Setting up ZEN Master Azure SSO
This section includes instructions on how to register ZEN Master as an SSO app on Azure and configure the connection between ZEN Master and Azure. To complete this process, you need to login as an Admin on both the Azure side and the ZEN Master side. It is, therefore, recommended to have both open in parallel.
Note: if you have already registered ZEN Master as an app in Azure, you can skip this.
To setup ZEN Master Azure SSO:
In Azure, go to Identity > Azure Active Directory > App Registrations.
Click New Registrations.
In the Name field, enter a name for the SSO app. This name will be displayed to the users when they use Azure as an SSO portal. For example, "ZEN Master SSO".
Under Supported account types, specify who can access the ZEN Master SSO app. In this case, it is recommended to select the Account in this organizational directory option.
In ZEN Master, go to Account Management > Single Sign-On.
Click +Add.
In the Name field, enter a name for this SSO connection.

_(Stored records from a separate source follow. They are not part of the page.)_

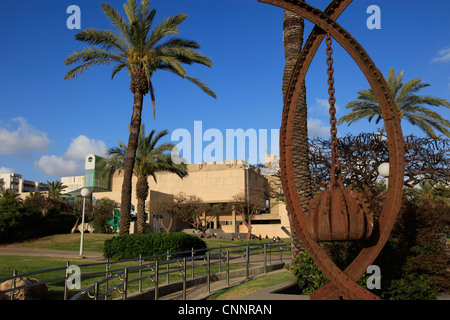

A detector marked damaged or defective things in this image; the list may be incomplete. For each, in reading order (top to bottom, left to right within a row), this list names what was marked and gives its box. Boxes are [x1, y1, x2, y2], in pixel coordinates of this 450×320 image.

rusty metal sculpture [258, 0, 406, 300]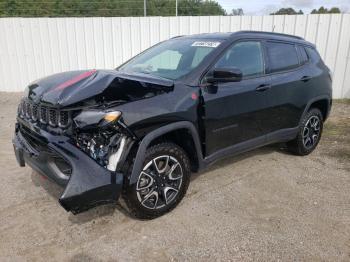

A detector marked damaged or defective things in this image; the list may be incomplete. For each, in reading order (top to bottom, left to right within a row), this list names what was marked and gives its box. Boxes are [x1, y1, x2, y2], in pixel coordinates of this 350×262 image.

crumpled front bumper [12, 119, 124, 214]
cracked hood [23, 69, 174, 107]
damaged black suv [13, 31, 330, 219]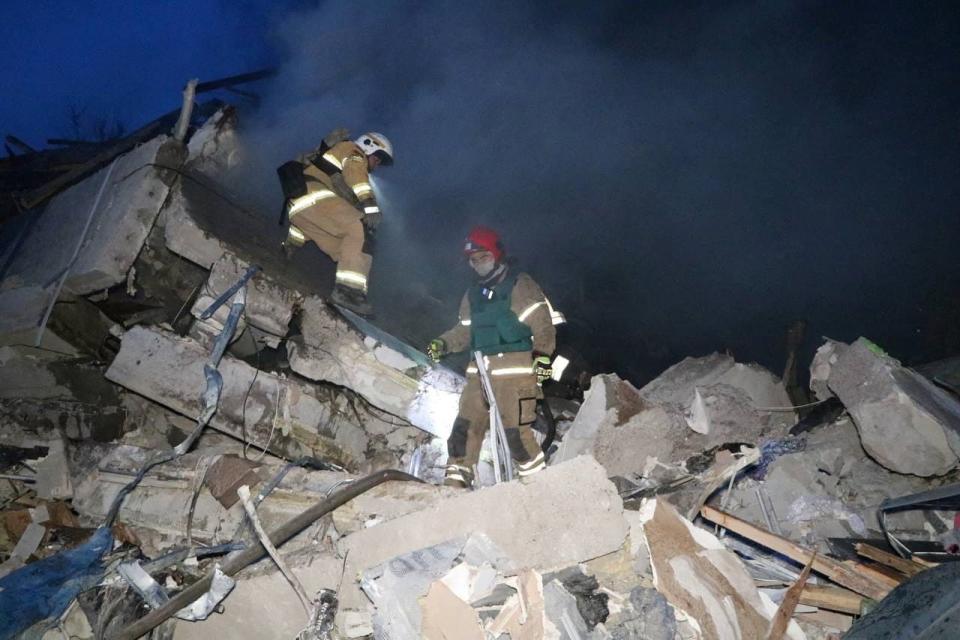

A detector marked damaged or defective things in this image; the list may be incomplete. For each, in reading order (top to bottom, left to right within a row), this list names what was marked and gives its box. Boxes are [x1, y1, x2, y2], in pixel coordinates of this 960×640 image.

cracked concrete block [191, 252, 300, 340]
cracked concrete block [105, 328, 368, 468]
broken concrete slab [105, 328, 368, 468]
broken concrete slab [824, 338, 960, 478]
cracked concrete block [824, 338, 960, 478]
broken concrete slab [338, 456, 632, 608]
cracked concrete block [338, 456, 632, 608]
splintered wood beam [700, 504, 896, 604]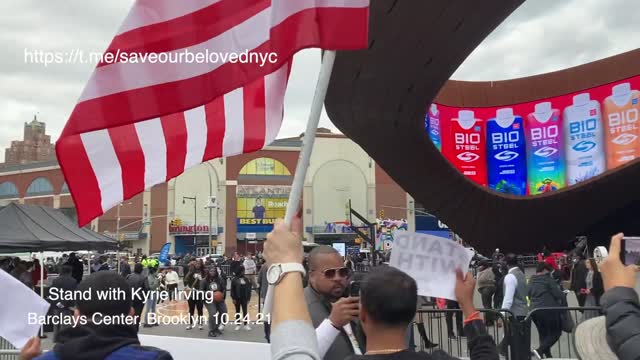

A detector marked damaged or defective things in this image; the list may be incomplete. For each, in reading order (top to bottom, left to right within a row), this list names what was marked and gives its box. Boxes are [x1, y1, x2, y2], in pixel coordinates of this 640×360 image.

rusted metal canopy [324, 0, 640, 253]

This is the name that will be displayed on the Azure button in the ZEN Master Sign In portal.
At the bottom of the screen, copy the Callback URL.

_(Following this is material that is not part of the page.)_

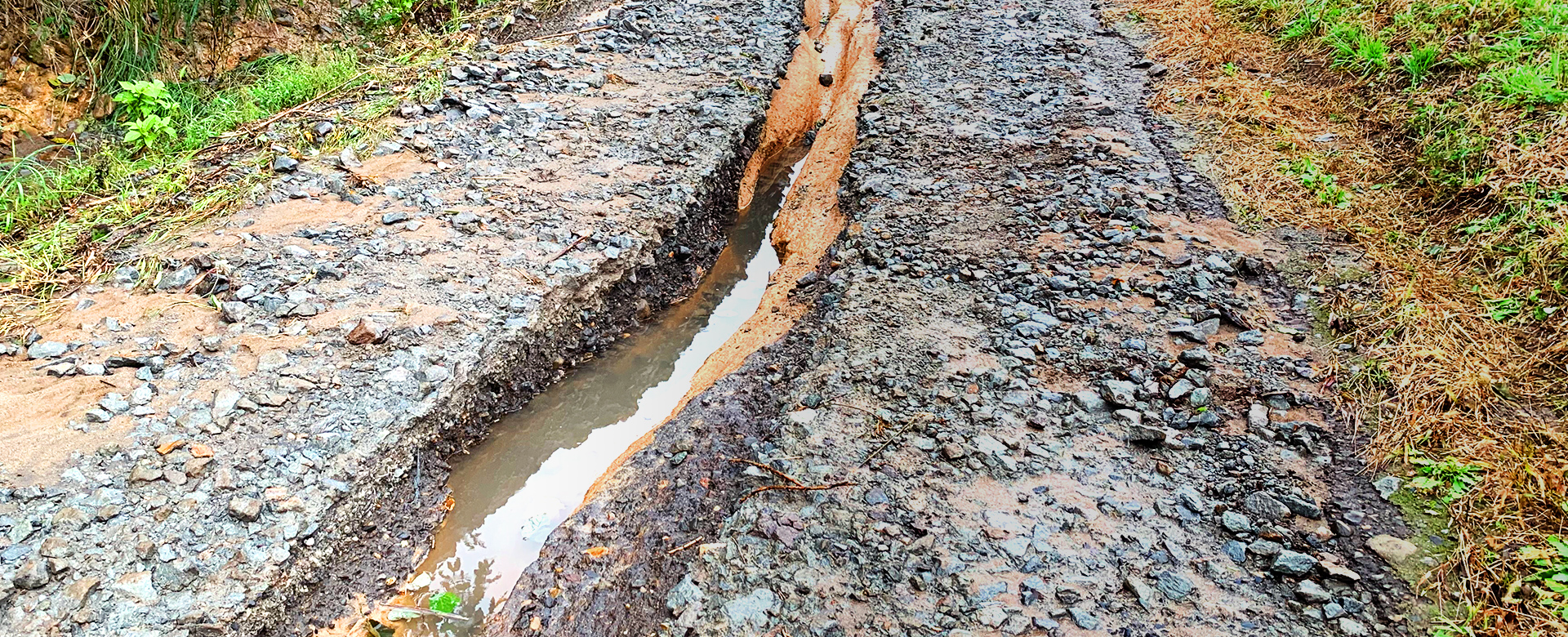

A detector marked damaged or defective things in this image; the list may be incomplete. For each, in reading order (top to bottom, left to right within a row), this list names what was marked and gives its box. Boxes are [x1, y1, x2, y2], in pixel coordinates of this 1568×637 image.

damaged gravel road [493, 1, 1431, 637]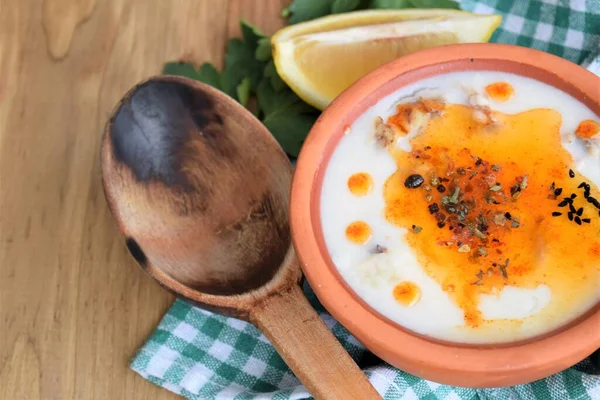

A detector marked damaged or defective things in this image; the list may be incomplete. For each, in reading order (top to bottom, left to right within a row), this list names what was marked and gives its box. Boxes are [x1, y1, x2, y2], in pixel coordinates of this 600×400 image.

burned wooden spoon [99, 76, 380, 400]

Back in Azure, paste the copied Callback URL into the Redirect URI field.
Click Register.
The following screen is displayed with the connection strings.
Copy the Application (client) ID from Azure and paste it to the Client ID field in ZEN Master.
In Azure click Endpoints at the top.
In Azure, go to Certificates & secrets.
Under Client Secrets, click New Client Secret.
In the Description field, enter any name for the client secret. For example, "ZEN Master".
Under Expires, select the desired expiration time.
Click Add.
Copy the secret by clicking the Copy button.
In ZEN Master, paste the copied secret into the Client Secret field.
If you plan to manually register Azure AD users to ZEN Master (see Pre-registering Users in ZEN Master for Azure) before granting access, select the Allow pre-registered users only checkbox. The registration is simple and only involves entering the user's email.
If you want group information about a user to be sent to ZEN Master when the user logs in, select the Request groups in single sign-on checkbox. See Setting up Groups and Roles.
If you want to sync group information about a user to be sent to ZEN Master when the user logs in, select the Sync single sign-on groups checkbox. See Setting up Groups and Roles.
If you want to sync single sign-on roles r when the user logs in, select the Sync single sign-on roles checkbox. See Setting up Groups and Roles.
In ZEN Master, click Save.
The newly created Azure SSO is added to the list of SSO profiles. The users defined in the Azure AD will be able to connect to ZEN Master by selecting the newly created SSO option under Sign In With. During the first connection you will be required to provide permission to connect through Azure to ZEN Master. As an administrator, you can select Consent on behalf of your organization option, which will not require additional consent by the other users.
However, if you have selected the Allow pre-registered users only option you will need to manually pre-register the users by following the instructions in Pre-registering Users in ZEN Master for Azure.